Aznar percibe aterrado la posibilidad que retornar a esa era de oprobio y desolación en la que el sentimiento nacional dependía de la decisión de los habitantes de un territorio. No de un castillo, un león, unas barras rojas y unas cadenas; donde la convivencia y el gobierno dependia de los gobernados y no de una reina fanática del potro y el rosario y de un rey putero como todo buen rey.
Teme el retorno a un momento aciago de la historia en el que la educación erá pública, en el que el ejército no tenía voz en el gobierno, en el que la fuerza dependía de los sufragios, en el que los homosexuales caminaban por la calle y publicaban posía, en los que las mujeres y los hombres se divorciaban cuando dejaban de estar a gusto juntos. En los que no había rey ni derecho divino. En los que la bandera no era bicolor.
Aznar intenta evitar que volvamos a esos tiempos de barbarie y penumbra y acusa al gobierno socialista de arrastrarnos a ellos. No se equivoca Aznar al profetizar, en su bola de brumas etílicas y delirios académicos, que el gobierno socialista nos conduce a un esquema en el que una parte de España, de su España -porque España sigue siendo suya, como la Botella y el PP-, no acepte y se enfrente a la otra hasta llegar a una guerra civil.
Aznar no se equivoca al decirlo. Él lo sabe bien.

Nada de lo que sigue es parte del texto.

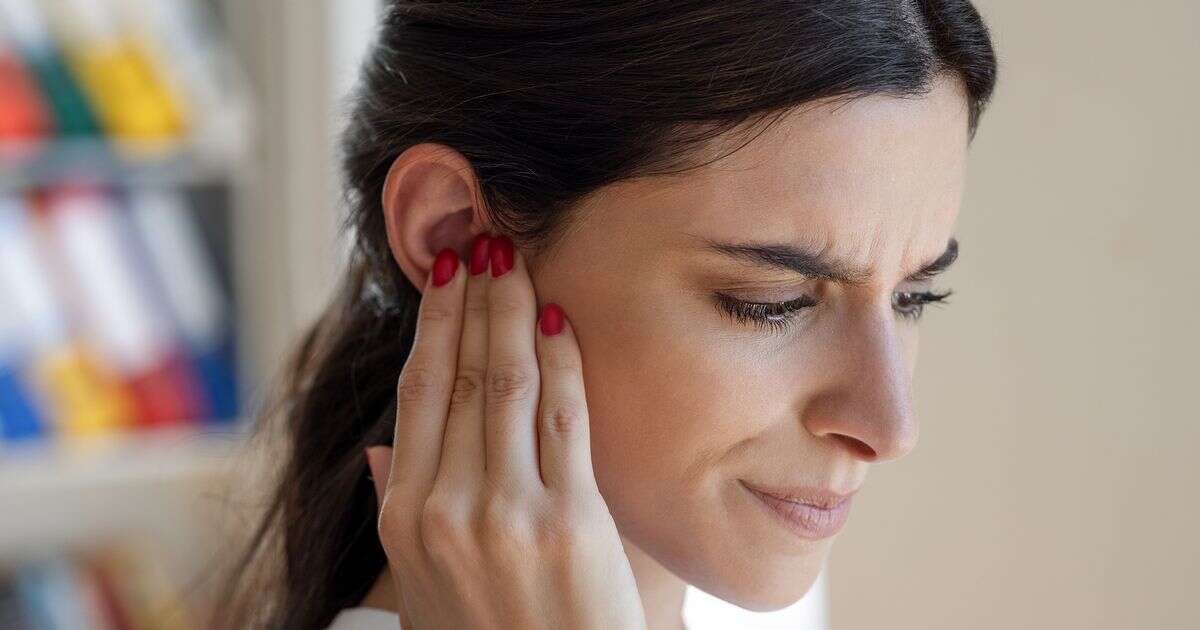 Hearing expert shares simple hair dryer tip to relieve ear infections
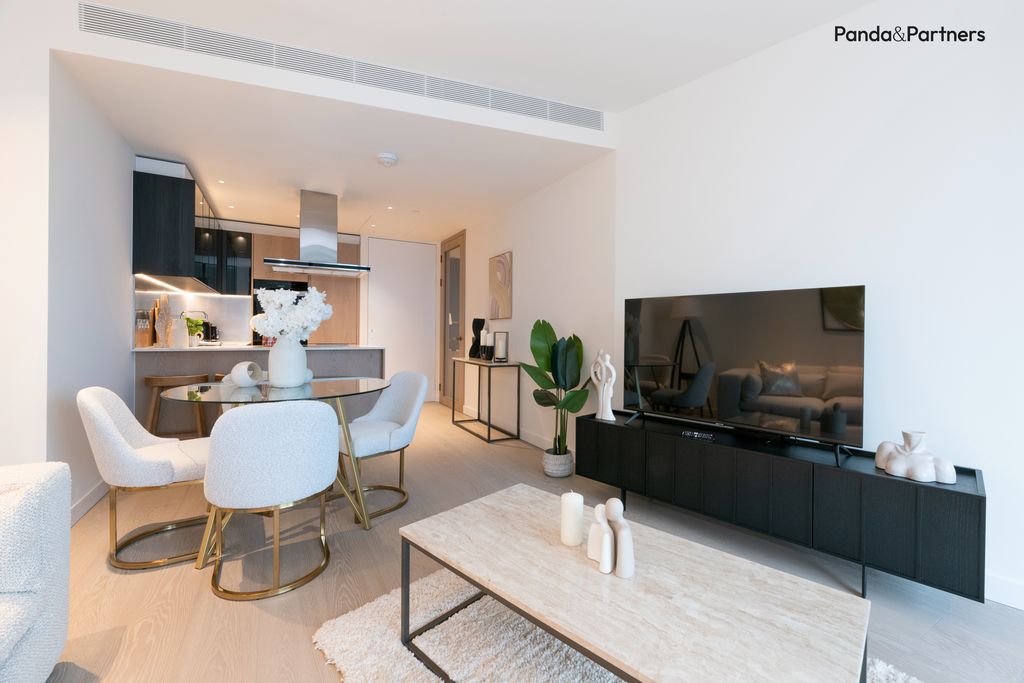 Property photo 3 of 9 Photo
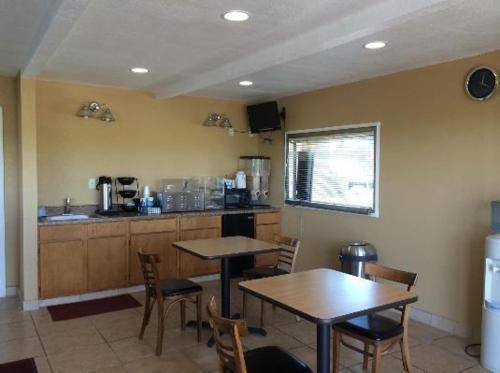 Motel Americas Best Value Inn Schulenburg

Con el mismo bigote, con la misma actitud, con el mismo mesianismo salvador que otros bajitos pretéritos, él dirige esa España.
Mañana es día de reflexión y yo soy como la DGT.
Hacedlo porque es necesario, hacedlo por responsabilidad o por vergüenza torera. Hacedlo porque no conciliáis el sueño con la tormenta o porque el cocido no os deja dormir la siesta.
Hacedlo porque vuestros hijos no os dan bola o porque vuestra pareja está de puente. Hacedlo para ligar o para que no os intenten ligar en los bares, hacedlo porque el Madrid va primero o porque el Barça está empatado a puntos.
Hacedlo por darme la razón o por llevarme la contraria, hacedlo porque no queréis pensar en la hipoteca o porque no podéis pagarla. Hacedlo por lo que más queraís o por lo que más odiéis. Pero hacedlo.
Mañana es día de reflexión. Hacedlo. Por favor.